Forbidden Love
Page 13
Besides, she reminded herself, as if she needed the reminder--this much she'd do for Owen, even if she never saw him again. Their love enclosed her like a warm cloak, an enduring love to last for all time.
Her marriage to William had collapsed, neither of them maintaining the barest of civilities. She escaped his company as much as possible, not even having dinner with him, that is, on the rare occasions when he stayed home for the evening meal. Often they went for days without seeing each other. And that was fine with her.
Divorce. The word crept into her thoughts, like a slow sip of poison. To be free of William, free of this parody of a marriage! A divorce, and then what? Her friends would disown her, except Elizabeth and Lawrence. Everyone else would consider her a fallen woman, and society would ostracize her.
In her gray muslin dress, Lisa dotted a linen handkerchief across her damp forehead and entered the building, rehearsing what she'd say to Henry Clay Frick. The worst thing he could do was refuse to see her, but she considered him too much of a gentleman to do that.
She reached the vice chairman's office, where he rose from his desk to greet her with his cold, mechanical smile, overshadowed by a look of surprise. Her spirits fell, but she quickly recovered her courage with an appearance of outward calm. My goodness, she'd known this man for years. Surely she could handle him. With his obviously forced smile, his look of stoic patience, she realized her presence annoyed him. Too bad, because she intended to accomplish her goal. She took the proffered chair, resolved to conceal her inner qualms.

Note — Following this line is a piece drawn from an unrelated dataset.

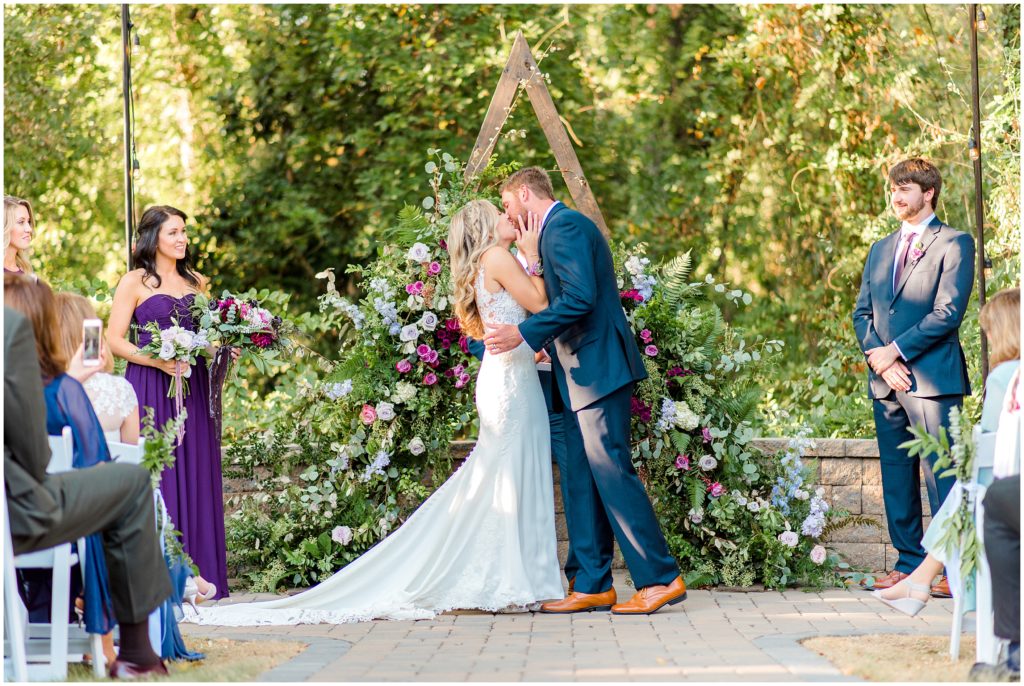 Ceremony Kiss and Exit | Ritchie Hill | by Kaitlyn Blake Photography | Fall Purple Wedding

"And what can I do for you, Mrs. Enright?" he asked as he claimed his chair across the desk. No pleasantries, he got straight to the point. He combed his fingers through his thick beard, a look of puzzlement on his face as he sat back, his swivel chair creaking. He gave her a level look across the short space that separated them.
"Mr. Frick, I'm concerned about a possible strike at Homestead--"

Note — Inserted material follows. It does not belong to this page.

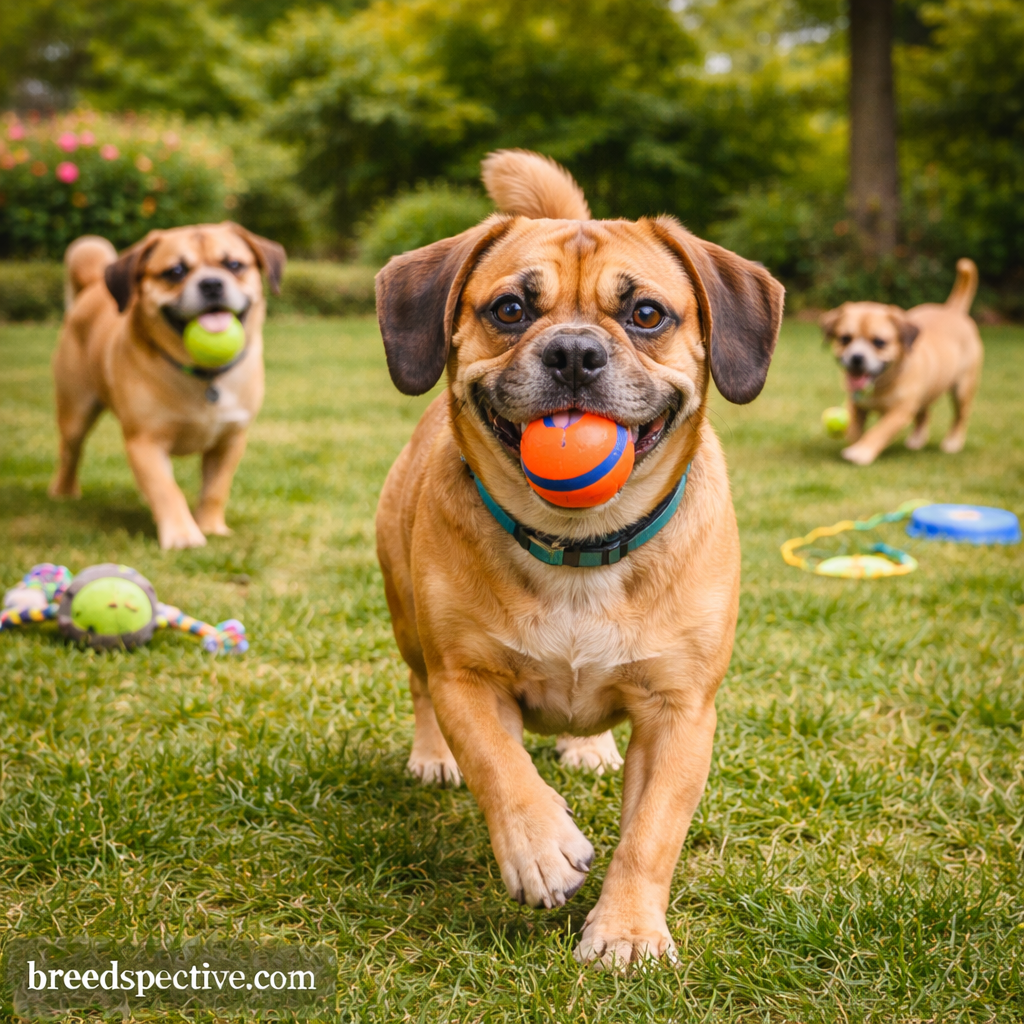 Puggle running with a toy while other Puggles play in the background outdoors.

"No one said there would be a strike, Mrs. Enright. We're doing everything possible to prevent such an eventuality."
"Indeed, sir. I said a possible strike."
"May I ask what prompts your concern?" he asked, leaning forward and playing with a fountain pen on his desk. "Of course, I realize your husband is one of our major stockholders. That fact alone would be cause for worry." He smiled briefly. "But I believe I can set your mind at rest. Our shareholders will continue to collect dividends. We intend to keep the mill open, strike or no."
"Yes, Mr. Frick, my husband has spoken a good deal about the situation in Homestead. But one of my maids has a brother who works at the mill, and she's very worried about him should a strike occur." She spoke with resolve. "I must confess I feel some sympathy for the workers, too."
A stunned look came over his face, but he set his features into an expression of calm acceptance. "Your concern does you credit, madam. Indeed, compassion is a trait a greatly admire in a lady." He toyed with the blotter on his desk and rearranged some papers, forming them into neat piles. "But I fear your sympathy is misplaced. The steelworkers remain obstinate and refuse to understand the company position in regard to many of the issues."
"Such as the tonnage rate?"
His expression of surprise deepened to shock as he tapped his fingers on the desk. When he spoke again, his voice was a trifle cooler. "Mrs. Enright, I'm truly pleased that you've followed the aspects of this controversy. Such erudition is rare in a woman. But at the same time, I must say you don't understand all the issues involved. The union has been quite
stubborn--"
"But the company hasn't?"
Frick crushed the blotter, then tossed it aside. "Madam, I shall repeat that you don't comprehend the matters in this dispute. Possibly you don't realize it, but the company has bent over backwards to meet the workers halfway. We've done everything we can to avert a strike, however remote that possibility might be."
"Perhaps not so remote, Mr. Frick."
He shrugged, a look of irritation on his face. "That's up to the workers, Mrs. Enright. The responsibility rests with them."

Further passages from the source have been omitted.